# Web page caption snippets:
###
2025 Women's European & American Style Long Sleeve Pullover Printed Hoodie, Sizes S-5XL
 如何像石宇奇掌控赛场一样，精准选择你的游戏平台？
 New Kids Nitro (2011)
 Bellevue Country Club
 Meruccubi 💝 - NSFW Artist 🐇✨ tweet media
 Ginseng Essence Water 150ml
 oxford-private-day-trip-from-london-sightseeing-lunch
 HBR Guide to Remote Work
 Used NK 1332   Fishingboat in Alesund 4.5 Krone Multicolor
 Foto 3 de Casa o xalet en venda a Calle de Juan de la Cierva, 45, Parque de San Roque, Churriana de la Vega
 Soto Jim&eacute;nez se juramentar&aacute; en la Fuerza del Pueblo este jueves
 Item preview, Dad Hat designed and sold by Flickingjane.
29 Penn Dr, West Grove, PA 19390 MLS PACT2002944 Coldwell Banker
###
# Your assignment:
What is needed is an exact copy of the lines from the one containing "Meruccubi 💝 - NSFW Artist 🐇✨ tweet media" to the end of the data; please add nothing else.

# Task result:
 Meruccubi 💝 - NSFW Artist 🐇✨ tweet media
 Ginseng Essence Water 150ml
 oxford-private-day-trip-from-london-sightseeing-lunch
 HBR Guide to Remote Work
 Used NK 1332   Fishingboat in Alesund 4.5 Krone Multicolor
 Foto 3 de Casa o xalet en venda a Calle de Juan de la Cierva, 45, Parque de San Roque, Churriana de la Vega
 Soto Jim&eacute;nez se juramentar&aacute; en la Fuerza del Pueblo este jueves
 Item preview, Dad Hat designed and sold by Flickingjane.
29 Penn Dr, West Grove, PA 19390 MLS PACT2002944 Coldwell Banker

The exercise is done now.